TRY IT: Return every line of the records below verbatim, with no pictures in the copy.

Stored dataset items:
↓

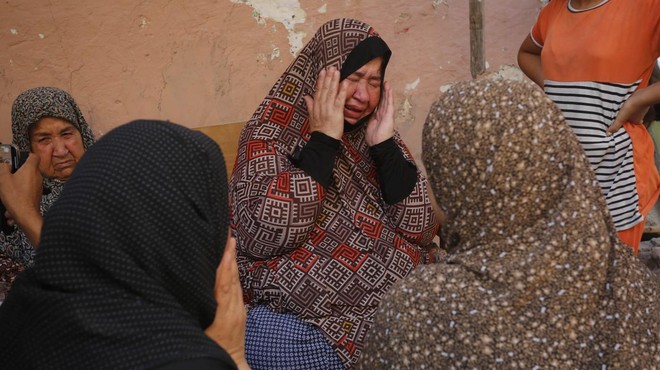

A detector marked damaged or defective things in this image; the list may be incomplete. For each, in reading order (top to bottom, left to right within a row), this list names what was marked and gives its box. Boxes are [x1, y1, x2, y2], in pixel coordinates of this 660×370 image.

peeling paint on wall [229, 0, 306, 55]
cracked wall [0, 0, 544, 161]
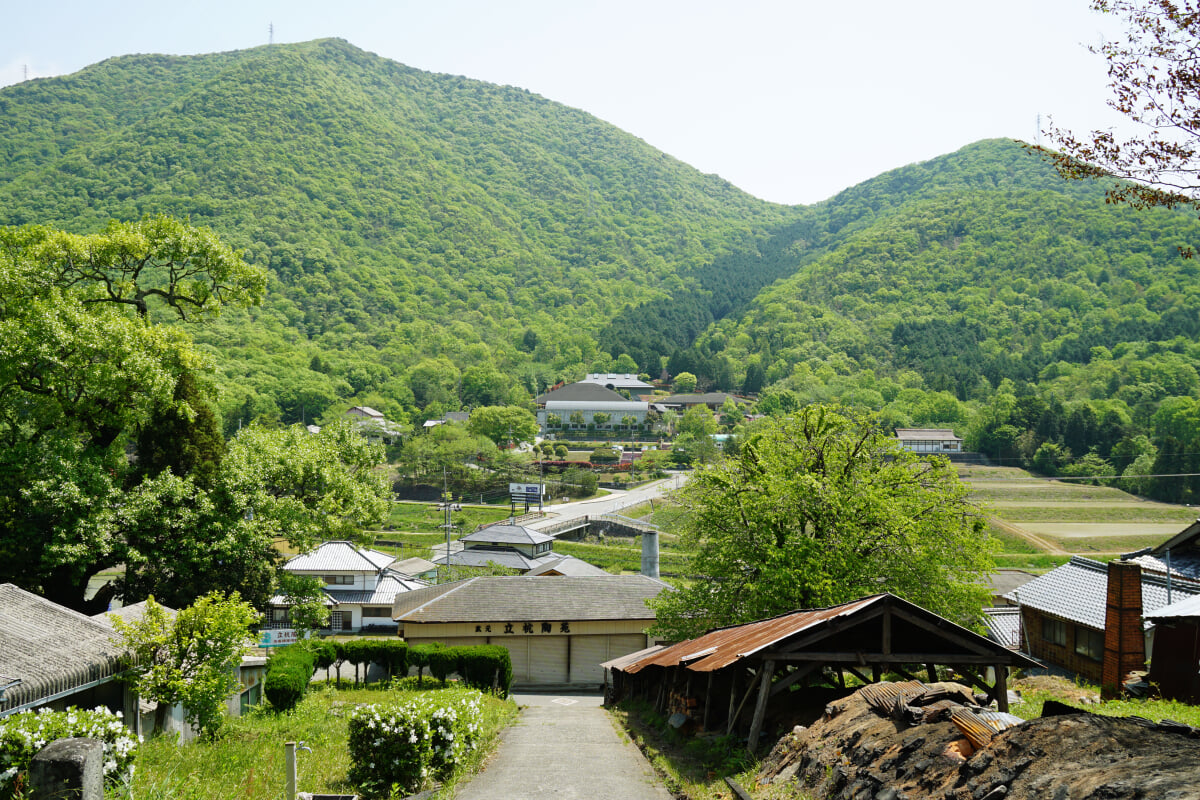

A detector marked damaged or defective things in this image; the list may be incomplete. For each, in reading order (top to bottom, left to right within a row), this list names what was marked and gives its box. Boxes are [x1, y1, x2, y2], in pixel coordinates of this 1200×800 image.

rusted corrugated roof [624, 596, 884, 672]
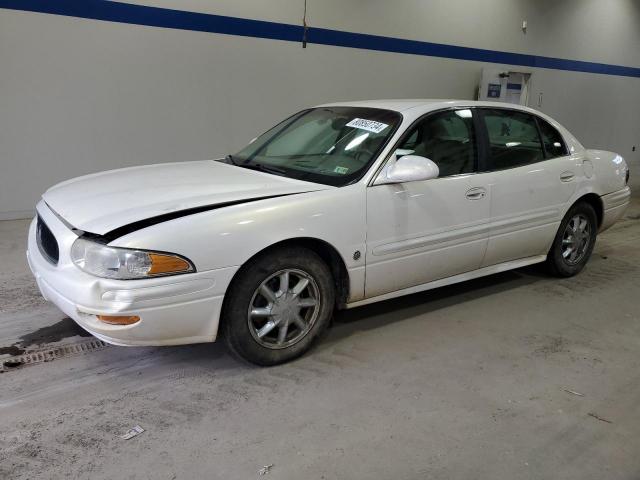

↑

WRITTEN REPLY:
A detector marked damaged or defective things in this image; the list may be incomplete. For each, in reading order (top to bottom, left to right within a row), this list names what was marked and gives its box. Boxes are [x1, y1, x2, y2], in pixel coordinates of this 660×370 image.

peeling paint on wall [229, 0, 306, 55]
cracked wall [0, 0, 544, 161]

A detector marked damaged or defective things in this image; the list may be incomplete. For each, in reading order (top to bottom, left to right within a row), this list names what was marked and gives its box. Boxes are [x1, y1, x2, y2], in pixel coordinates of this 1200×800 image.

rusted corrugated roof [624, 596, 884, 672]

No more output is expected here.